Q: What are the privileges of being a knight?
A: There are no real privileges of being a knight, except that of having the honor bestowed in a very special ceremony, in my case at Buckingham Palace. There is also some limited use of a small private chapel beneath St. Paul’s Cathedral. There is an old saying that where there is a privilege, there is a responsibility. I feel the responsibility of being a knight more than I feel the privilege. The responsibility, in a general way, is one of public service.

Q: When was the last time you were nervous?
A: The first time I read the F&ES degrees at the main degrees ceremony on Old Campus. On that special day, it is quite a crowd down there!

Q: What’s the #1 most played song on your iPod?
A: I don’t use my iPod as much as I would like. In general, there is not enough music in my life, mainly because I need quiet to work at my best. However, I have eclectic tastes in music. My top-rated tunes on my iPod include a lot of REM, some old Peter Gabriel, and Emmanuel Ax playing a Brahms piano concerto.

Q: If you won the lottery (and money was not a concern), what would you do for the rest of your life?
A: I would read, write, and do research. I never have enough time for any of those three things. I just enjoy the thrill of new discovery and of understanding things that no one else has ever managed to do. I also wish I had more time to read and to learn, and then to fuse that with my own experiences in written form.

Q: If you could have dinner with one person (dead or alive), who would it be?
A: Very tough to choose among all the great figures in history - Darwin? Churchill? Ghandi? So I think I’d have to go with someone from my own family, maybe either of my grandfathers who I did not know well enough.

Q: I enjoyed your book on the Ginkgo tree very much, and I have a question about something particular that I was wondering about. Your book mentions that the Tsurugaoka Big Ginkgo at the Tsurugaoka Hachiman-gu Shrine in Kamakura, Japan, has a legend attached to it: that the assassin of the Third Shogun, Minamoto no Sanetomo, hid behind that same Gingko tree in 1219. However, there is no written evidence of the existence of this particular tree until 1659. I was wondering --- was the mystery of the age of that tree solved when the tree fell during a storm in 2010?
A: I’m told that this famous big old Ginkgo (which I saw before it fell a few years ago) was rotten in the middle. But I think it ought to have been possible to get some idea of the age from the rings if the authorities had tried. To my knowledge this has not been done. I do know that the authorities at the shrine also are trying to replant and propagate the tree.

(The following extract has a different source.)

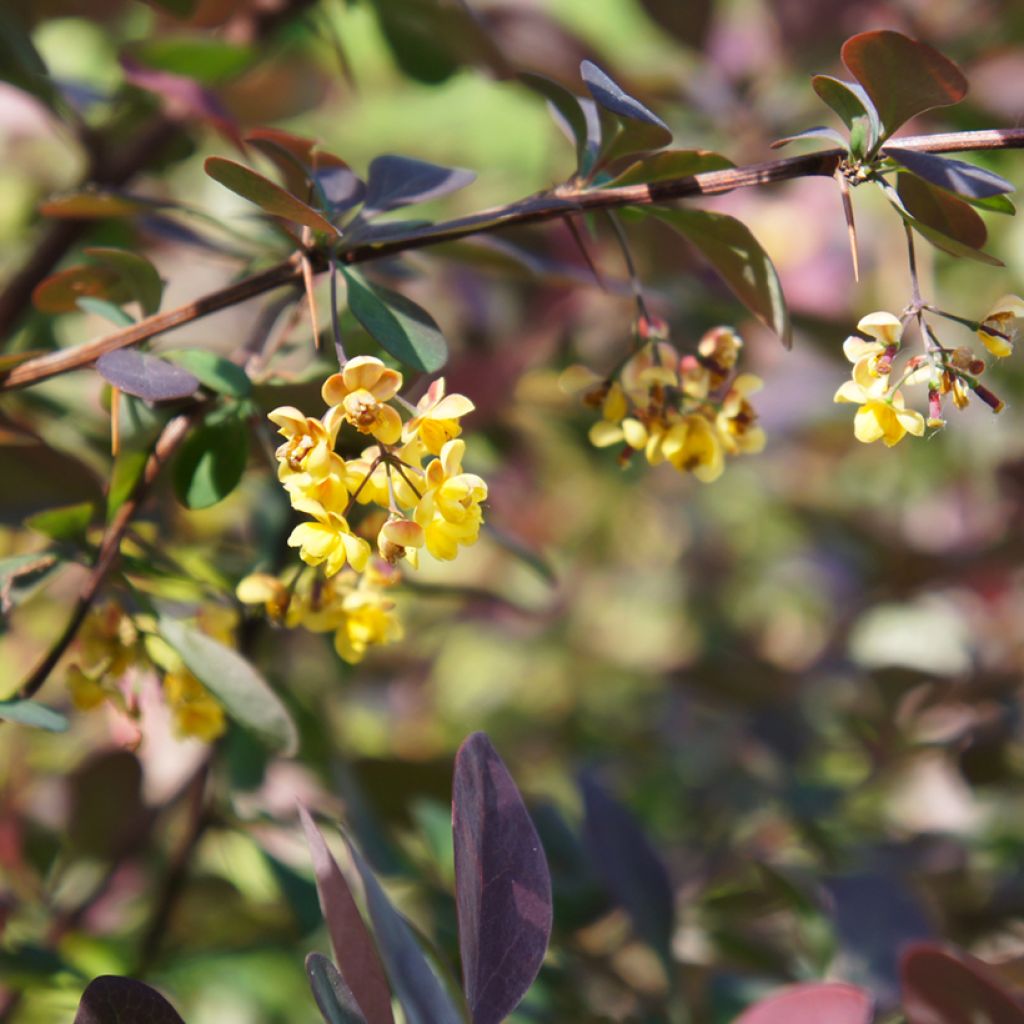 Agracejo - Berberis ottawensis Auricoma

Q: Would you rather fight one ginkgo-sized gecko or 100 gecko-sized ginkgos?
A: A hundred gecko-sized ginkgos for sure. A ginkgo-sized gecko would be pretty huge.

Q: What are your three favorite foods?
A: A really tough question to answer. A bit like the question about beverages, it depends a lot on the time and place. My ideal lunch (on vacation) would be a pint of beer, fresh bread, a lump of Stilton cheese, brown pickle, and a small salad. I’m looking forward to a lunch like that when I’m in England for our daughter’s graduation this summer. At home, I like to make a fresh salad with arugula, spinach, tomatoes, spring onion, avocado, and croutons with my own special (and rather garlicky) dressing. With some fresh bread, and a nice glass of red wine, sitting in our screened porch at home, that is just perfect. Choosing my third one is hard, but I guess it is tough to beat fresh fish and chips (another high spot of British cuisine!), with a hot cup of milky tea with some bread and butter in a small local café (often in the rain!) somewhere on the British coast. I like a hamburger too, every now and then, but fish and chips is a good standby that for me falls squarely in the category of “comfort food!”